This blog post is for wine geeks interested in the global origins and history of wine making. If this topic piques your interest, read on! I have long been a proud nerd and love diving into the nitty-gritty of the wine world to have plenty of know-how to share with my customers.


If wine history isn’t for you, please see my previous posts starting in Jan 2022 for more modern day and locally relevant Willamette Valley wine education topics you may have missed: Triangle Wine Country Wine Blog Page


I am pleased to report that the origin of this blog post lies in a book my son gave me for Christmas: Ancient Wine by Patrick McGovern. Published in 2003, if you don’t recognize the author, you will recognize the writer of the foreword: Robert Mondavi who inspired McGovern by sponsoring a conference in 1991 called “The Origins and History of Ancient Wine”. Robert Mondavi Winery, established in 1966, is one of the original Napa Valley wine destinations and helped put California on the International wine map in the 1970’s and remains one of Napa Valley’s premier wineries.


When It All Started

Fast forward to my studies for the Certified Specialist of Wine program in 2021. A chapter of the CSW study guide described the theories and evidence for grape vine domestication around the world from Asia across the Middle East to Europe. Through the dating of artifacts scholars indicate the timing to be 6000 to 8000 years ago. Was there one origin, where people who made the first wines migrated to other areas and brought grapes with them (or domesticated local grapes), or several concurrent origins across continents? 

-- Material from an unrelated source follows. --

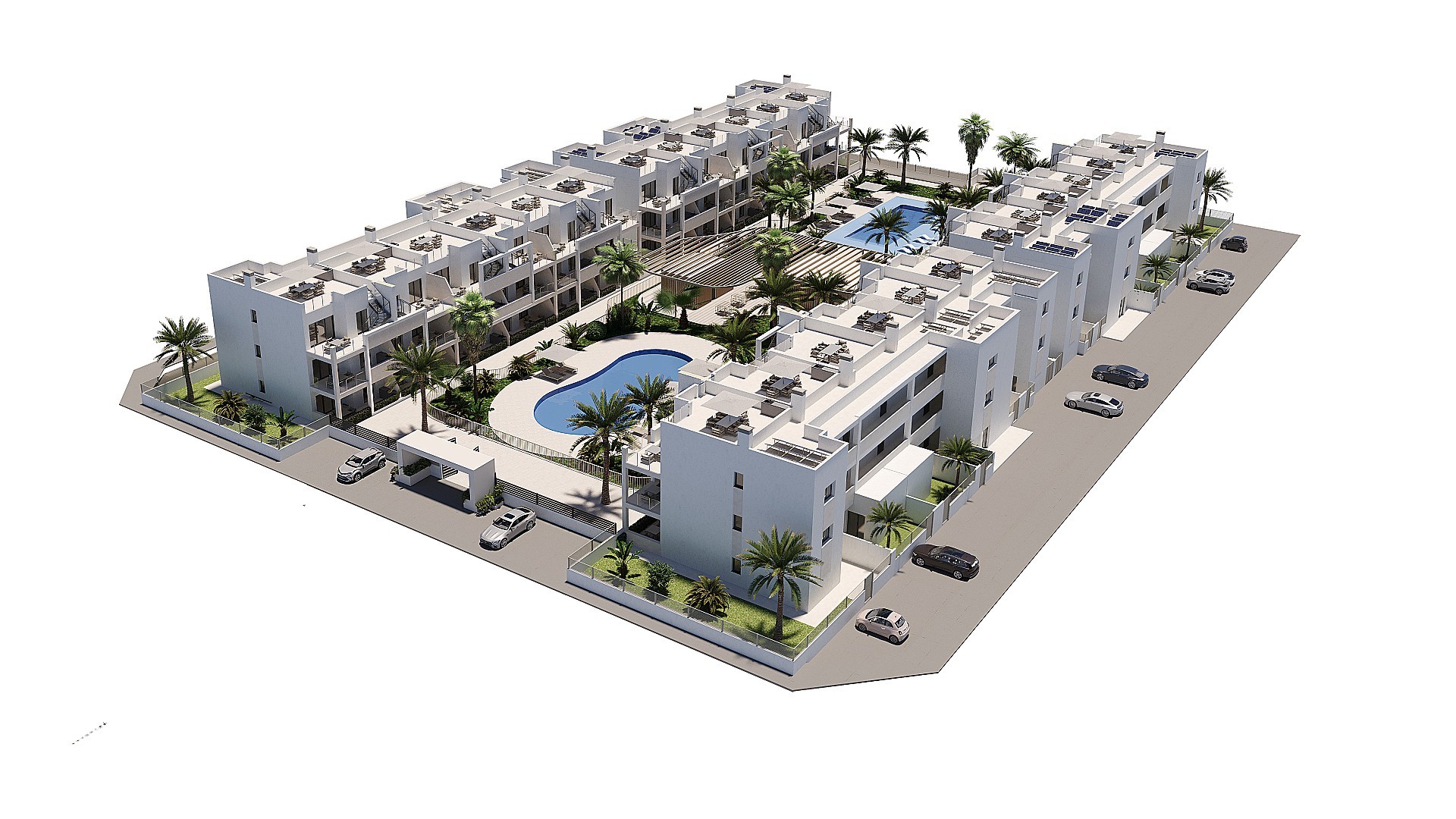 Resale - 3 Bedroom 2 Bathroom Apartment in Torre Pacheco -  - Murcia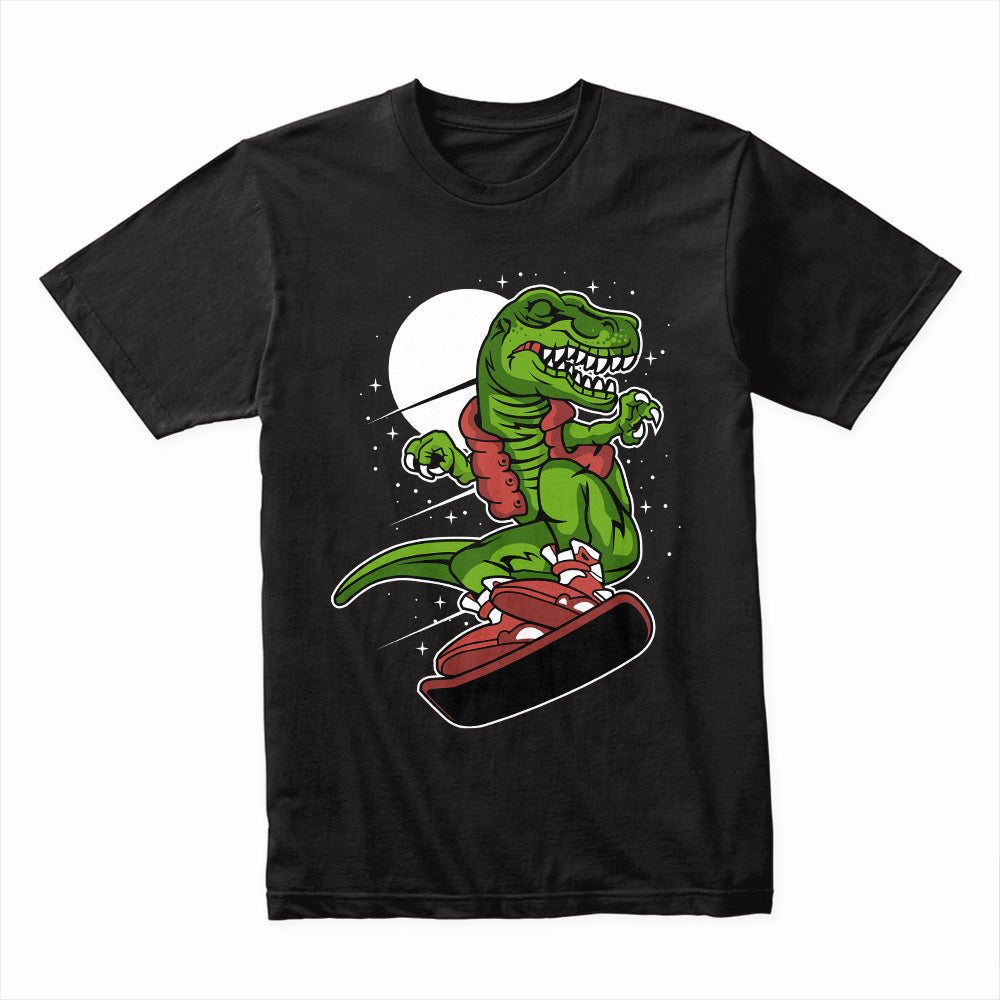 Snowboard T-Rex Shirt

Many archeologists point to the Neolithic period 8500-4000 BC where horticulture (planting and tending vines vs gathering from wild vines), pottery production (to store juice to allow for fermentation) and food processing techniques came together to result in a palatable, consistent  beverage. 


But Where? 

A leading hypothesis is the Noah Hypothesis, where on Mount Ararat in Turkey, the Bible informs us Noah’s Ark came to rest after the floods receded and the first crop planted were grape vines. The scientific findings point to early domesticated Eurasian grapevines (vitis vinifera-still the gold standard species for wine) in the area of Mount Ararat in the same millenia that the ark was supposed to have landed. 

Coincidence? You decide.


Wine history scholars do agree that the region around the Caucasus and Zagros Mountains between modern day Armenia, Azerbaijan and Georgia (Transcaucasia) have been inhabited since the Neolithic era. The temperate climate was conducive to early man and grapes: hilly terrain good for building villages with protection from weather and intruders, fertile soil due to proximity to rivers (Tigris & Euphrates among others) not to mention fresh water access. The area was ripe for settling and creating an agrarian society. The diverse ecology (over 6000 plant species including grapes, hazelnuts, pomegranates, pears, walnuts grow here) in the region was a draw for our ancestors to put down roots and start farming.


Why Grapes?

Why grapes and not some other fruit? Though any grain or fruit can be fermented to create an alcoholic beverage, only grapes have the diversity via hybridization and genetic mutation to create juice with such varied flavor and aroma profiles, rewarding the vigneron (wine grape farmer) with thousands of grape choices. Add the influence of soil, climate, elevation, latitude not to mention the winemaker’s decisions, and the resulting wines can vary wildly from year to year and continue to impress us wine lovers with new wines to enjoy every harvest!


Georgia, Birthplace of Wine?

The modern day Republic of Georgia is receiving well deserved international attention for its winemaking history. The New York Times listed Kakheti Georgia as #23 of their recent list of 52 places to go in 2023! Current wine trends can link their history to Georgia’s 8000 year old traditions including orange wine and fermenting in clay amphorae, in addition to re-introducing ancient grape varieties such as Saperavi and Rkatsiteli.


The Oregon Connection

Both the above trends are well represented in Oregon: Orange wine is the process of leaving white grapes on their skins for an extended period (days up to a month or more) to extract additional flavor and color (hence the orange name-no relation to the fruit!). Anne Amie Vineyards makes a Rose of Pinot Gris and Teutonic Wine Company makes an extended skin contact Gewurztraminer, both considered orange wines.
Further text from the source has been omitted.